Task inputs:
|---|

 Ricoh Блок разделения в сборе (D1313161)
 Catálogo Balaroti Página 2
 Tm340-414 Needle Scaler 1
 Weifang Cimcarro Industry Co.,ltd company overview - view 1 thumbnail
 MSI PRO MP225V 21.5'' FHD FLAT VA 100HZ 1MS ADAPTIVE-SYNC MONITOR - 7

|---|

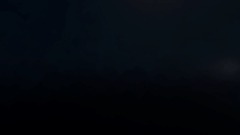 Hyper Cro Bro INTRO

|---|

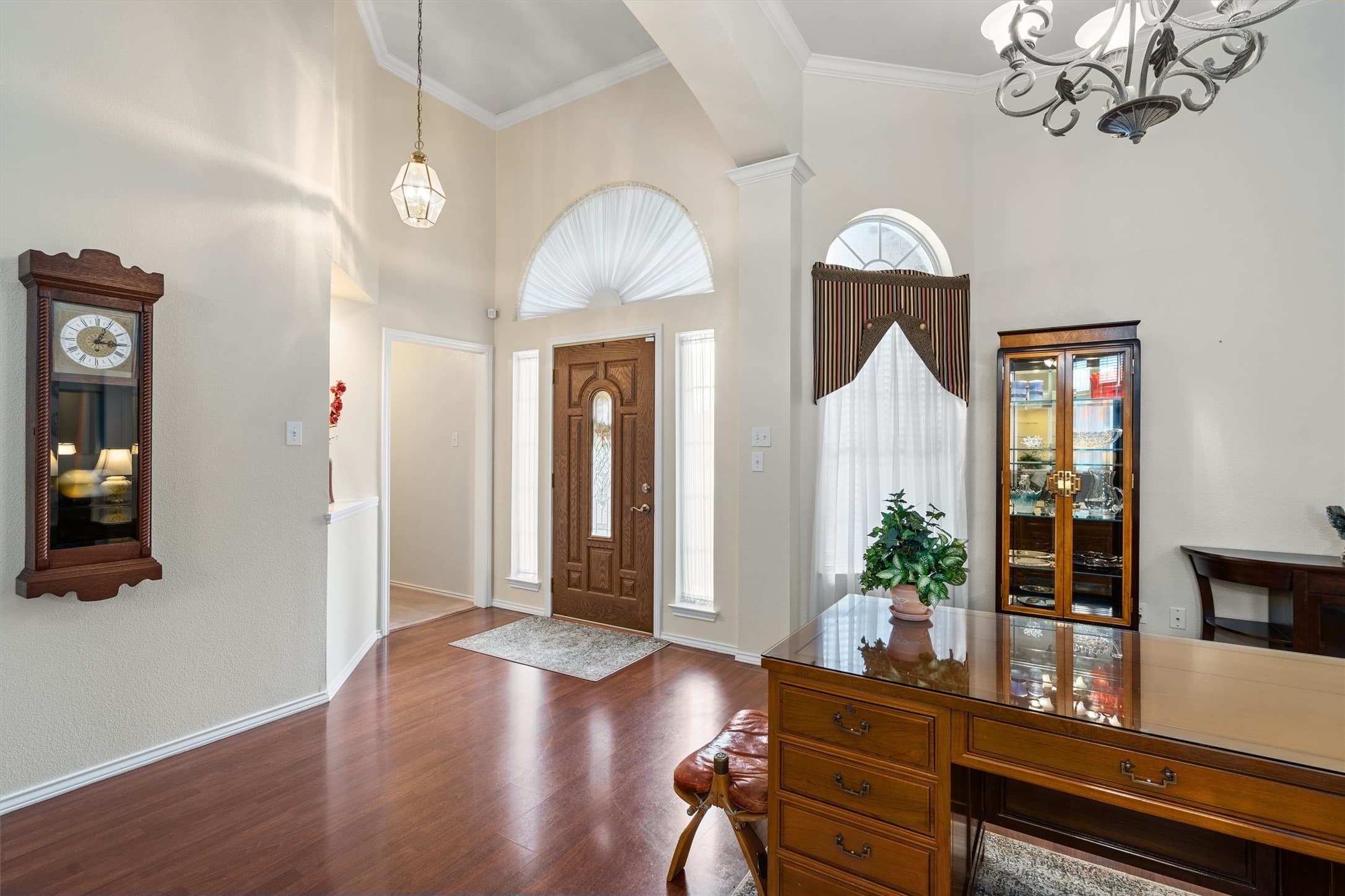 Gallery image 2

|---|

Could you return exactly the stretch of the data above that starts at the line with "Ricoh Блок разделения в сборе (D1313161)" and ends at the line with "MSI PRO MP225V", both lines included?

Task response:
 Ricoh Блок разделения в сборе (D1313161)
 Catálogo Balaroti Página 2
 Tm340-414 Needle Scaler 1
 Weifang Cimcarro Industry Co.,ltd company overview - view 1 thumbnail
 MSI PRO MP225V 21.5'' FHD FLAT VA 100HZ 1MS ADAPTIVE-SYNC MONITOR - 7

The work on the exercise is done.